Breakdown of a URL into a protocol, subdomain, domain, and directory

                Figure 1 The Domain name of ITP

Breakdown of an IP address attributing the first 3 numbers to the network and the last to the host machine

                              Figure 2 IP Address structure

 

All devices which are connected to the Internet have IP addresses. Users can access devices if they know the device’s IP address, but sometimes IP addresses are changed by a system. In this case users need to re-memorize numbers, which are not easy to memorize. Let’s assume two cases in which the  IP address is changed. The first case is to change a server like when you are migrating  a site from your current hosting service to another service. In this case, the IP address will be changed because a user needs to use a completely different server. The second case is to use dynamic IP addresses in a private network because an administrator sometimes needs to change router settings or restarts servers. If people need to memorize only a few IP addresses, it will be fine, but in everyday  life most people use several websites, so memorizing IP addresses is not practical. That is the reason why we have DNS.

Speaking IP addresses is confusing but speaking domain names is simple.

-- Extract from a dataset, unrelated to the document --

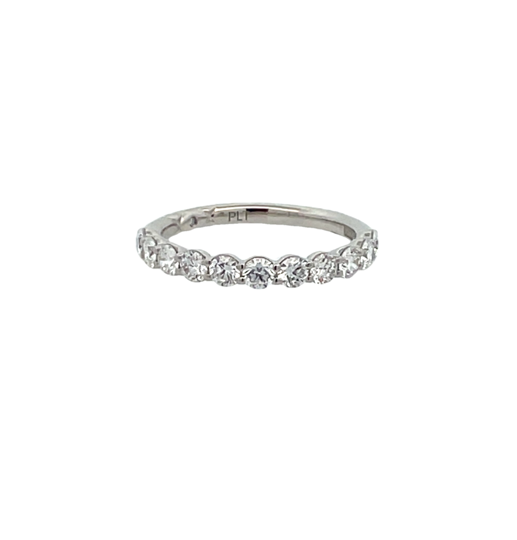 PLATINUM SHARED PRONG DIAMOND WEDDING BAND SIZE 6.5 WITH 12=0.85TW ROUND G VS2 DIAMONDS   (3.41 GRAMS)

                                        Figure 3 IP Addresses and Domain Names

2. How DNS Works

The authoritative name servers that serve the DNS root zone, commonly known as the “root servers”, are a network of hundreds of servers in many countries around the world. The Domain Name System(DNS) is composed of the root servers which are managing TLD(Top Level Domain ex: .com, .edu, .net, .org etc) and name servers. The DNS is a  hierarchical decentralized system. There are 13 root servers(A~M). a.root-servers.net manages root zone and other servers are mirrors of A. They are configured in the DNS root zone as 13 named authorities. Why root-servers are so important is that if all of them are down, we can’t use any domains and email addresses. In 2002, someone tried to do a DDoS, aka”Distributed Denial of Service” attack to 13 root servers, however, fortunately, they were not successful in their attack; the servers did not go down. Recently, B.root-servers.net which is one of 13 root servers has been renumbered to 199.9.14.201 from 192.228.79.201.(October 24th 2017) According to the institution which manages B-root-servers.net, it has been replaced for B-Root DNS service.(http://www.root-servers.org/news/b-root-begins-anycast-in-may.txt) The information of changing IP address is very important because DNS servers are using cache, which is a component that stores data so future requests for that data can be served faster, and they store information on a file which is called root hints file. However, as the predetermined time passes after using the information, the system doesn’t work properly. For instance, taking much time to restart cache server and Name Resolution(Details will be described below.) doesn’t work.

When DNS client gets information, it traces a path like the following image. First, it accesses  a root server to understand that which TDL server associated with the  .edu domain. Next, the client needs to follow the path which is associated with nyu.edu, in order to access a server which is related to itp.nyu.edu. Then it can get the subdomain information, if the client wants to know information on “http://nyu.edu.”   

Diagram showing the interactions between a client and several servers through a cache server

                      Figure 4 The Root Server and Name Servers.

 

3.How Web Browser and DNS work together

In this section, let’s see how to a web browser gets IP address when you type a domain in the browser. First, a user inputs a domain on a web browser’s address bar. The browser calls a function which is called Resolver.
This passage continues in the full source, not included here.